## [To do]
All that is wanted is the exact text of the lines below from the one with "Thumbnail Rust Map: Procedural" through the one with "Large Remote Control", inclusive, minus any pictures.

## [Available data]
* * *
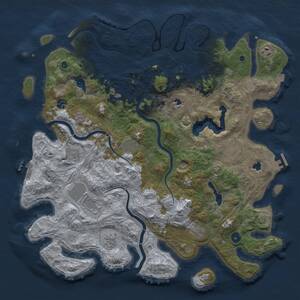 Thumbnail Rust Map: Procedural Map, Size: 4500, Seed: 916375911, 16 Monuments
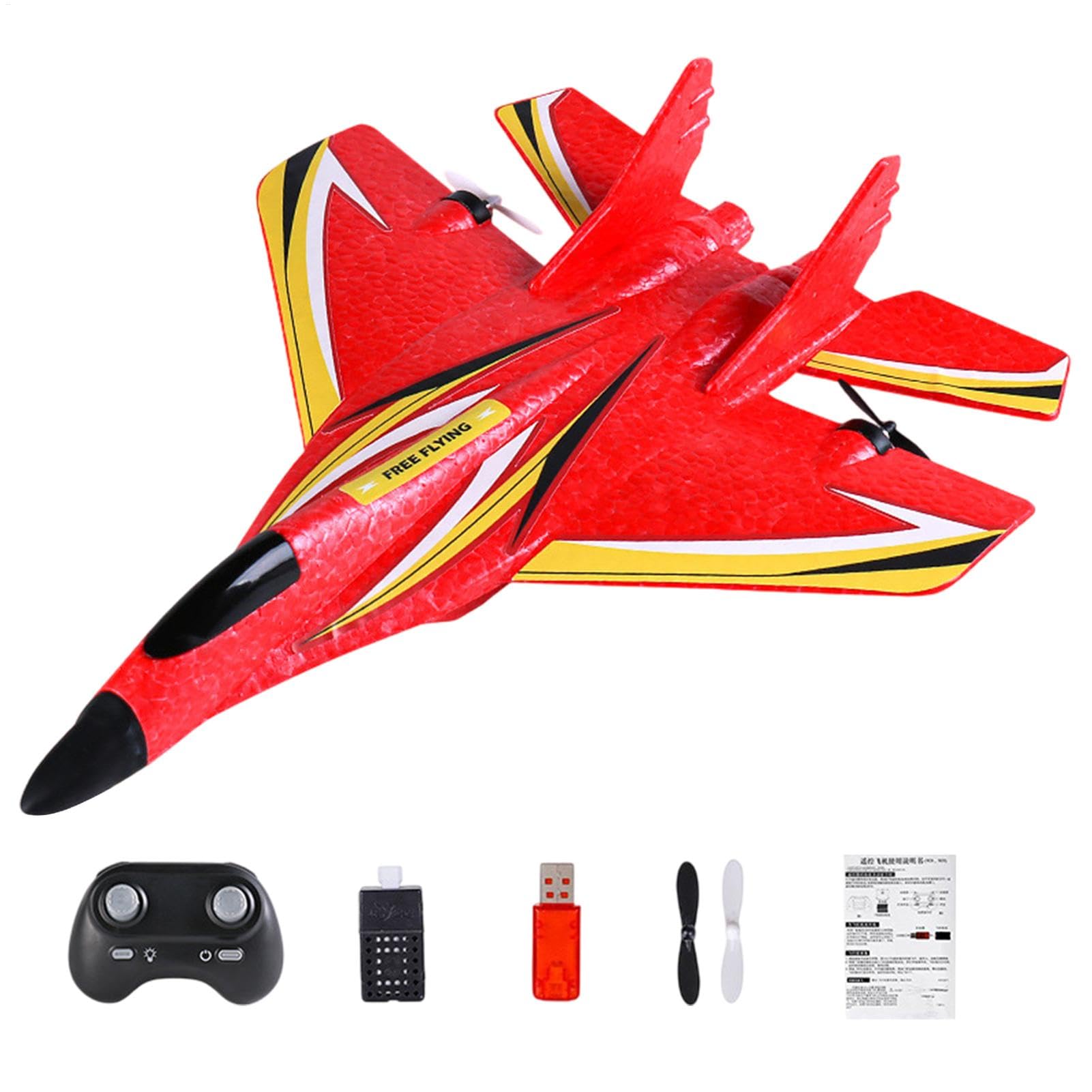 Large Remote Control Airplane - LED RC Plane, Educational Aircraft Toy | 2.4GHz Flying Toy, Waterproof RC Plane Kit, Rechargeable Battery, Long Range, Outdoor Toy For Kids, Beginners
* * *
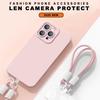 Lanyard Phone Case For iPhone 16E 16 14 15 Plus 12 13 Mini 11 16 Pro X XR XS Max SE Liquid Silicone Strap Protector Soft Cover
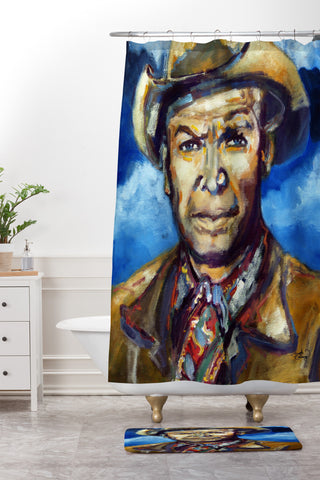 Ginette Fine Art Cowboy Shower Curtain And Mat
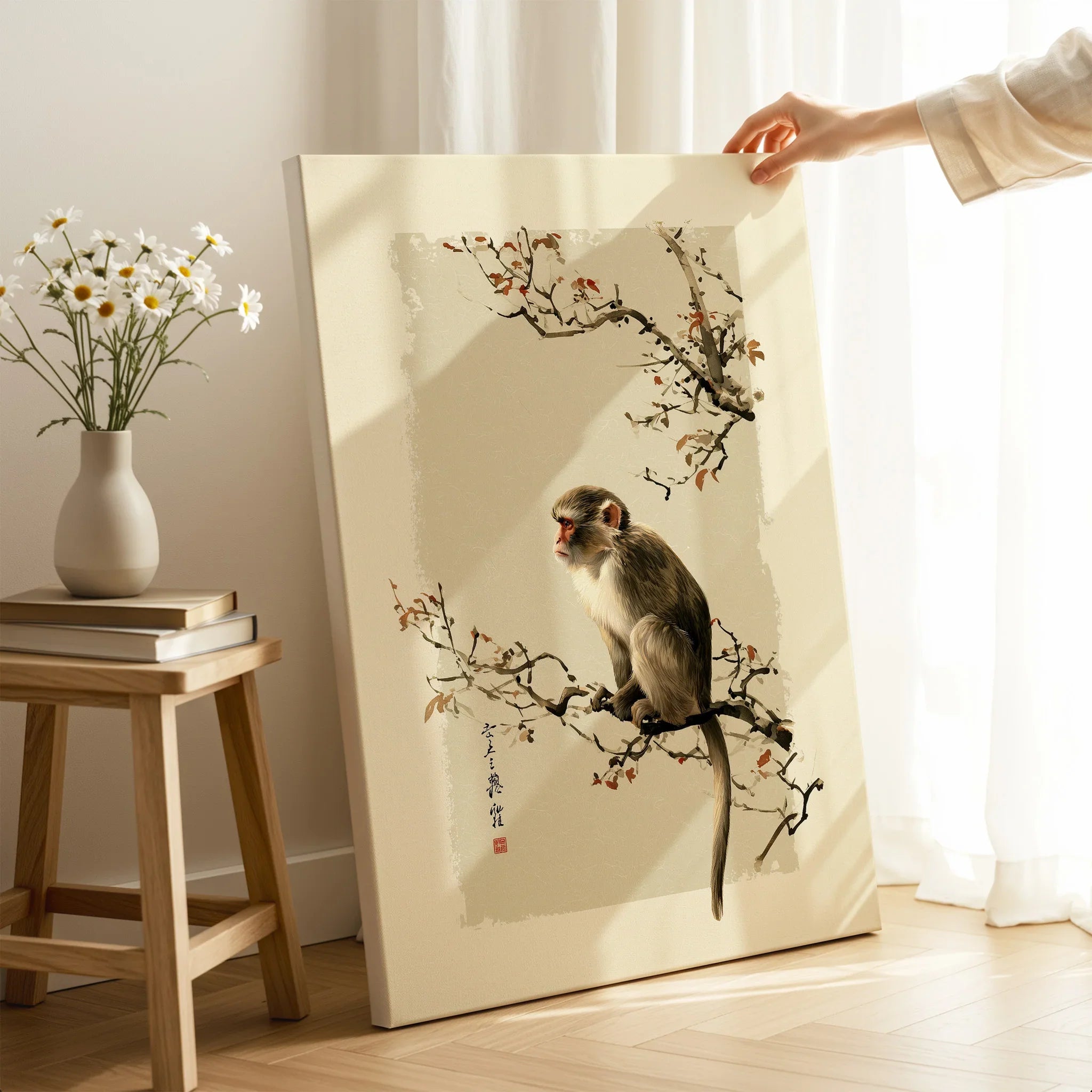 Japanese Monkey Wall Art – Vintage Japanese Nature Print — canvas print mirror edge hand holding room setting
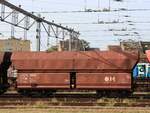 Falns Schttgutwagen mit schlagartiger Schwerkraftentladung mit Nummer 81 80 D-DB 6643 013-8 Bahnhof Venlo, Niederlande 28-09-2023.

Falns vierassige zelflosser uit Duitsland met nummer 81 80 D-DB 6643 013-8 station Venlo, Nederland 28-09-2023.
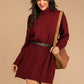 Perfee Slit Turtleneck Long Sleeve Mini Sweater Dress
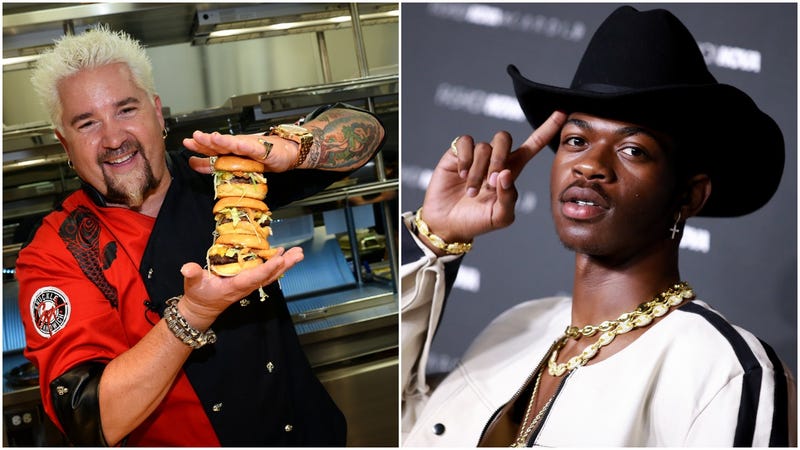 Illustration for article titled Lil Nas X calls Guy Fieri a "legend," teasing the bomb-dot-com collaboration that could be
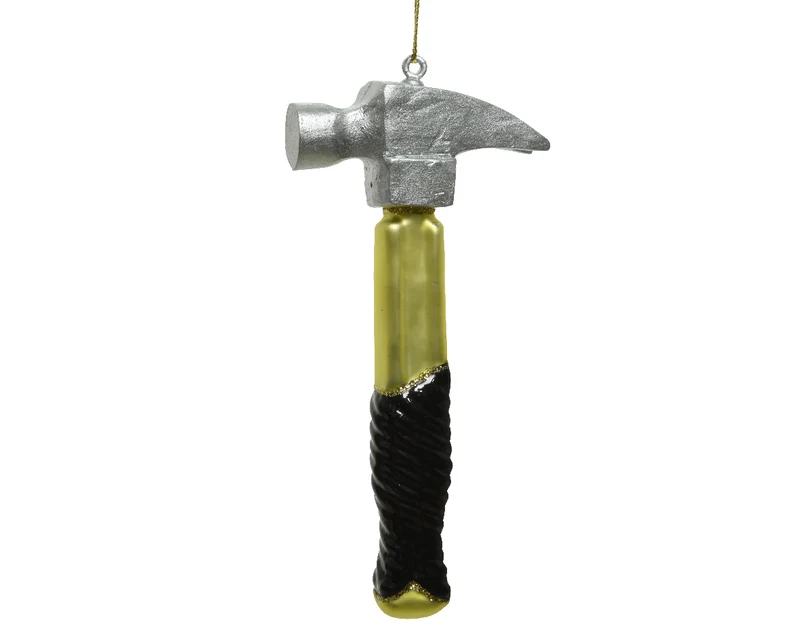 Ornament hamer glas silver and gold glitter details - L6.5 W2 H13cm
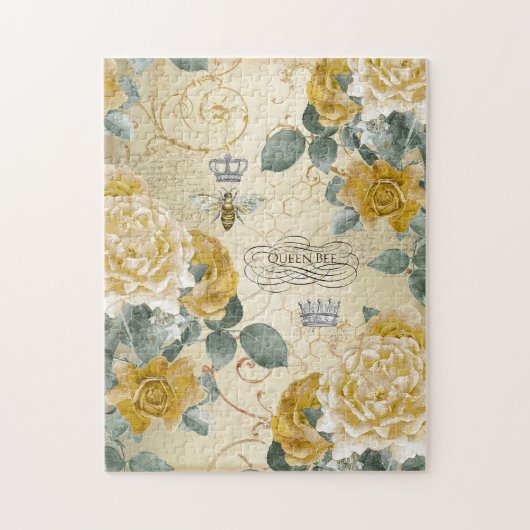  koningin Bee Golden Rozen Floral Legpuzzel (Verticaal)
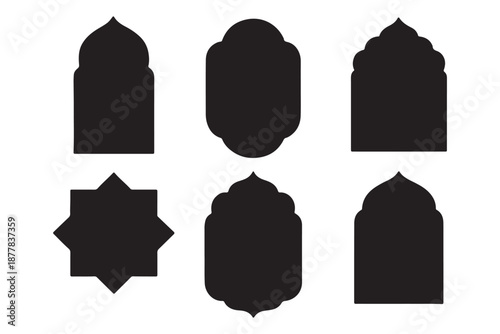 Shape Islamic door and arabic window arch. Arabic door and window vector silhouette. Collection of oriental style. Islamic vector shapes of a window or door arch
* * *
## [Reply]
 Thumbnail Rust Map: Procedural Map, Size: 4500, Seed: 916375911, 16 Monuments
 Large Remote Control Airplane - LED RC Plane, Educational Aircraft Toy | 2.4GHz Flying Toy, Waterproof RC Plane Kit, Rechargeable Battery, Long Range, Outdoor Toy For Kids, Beginners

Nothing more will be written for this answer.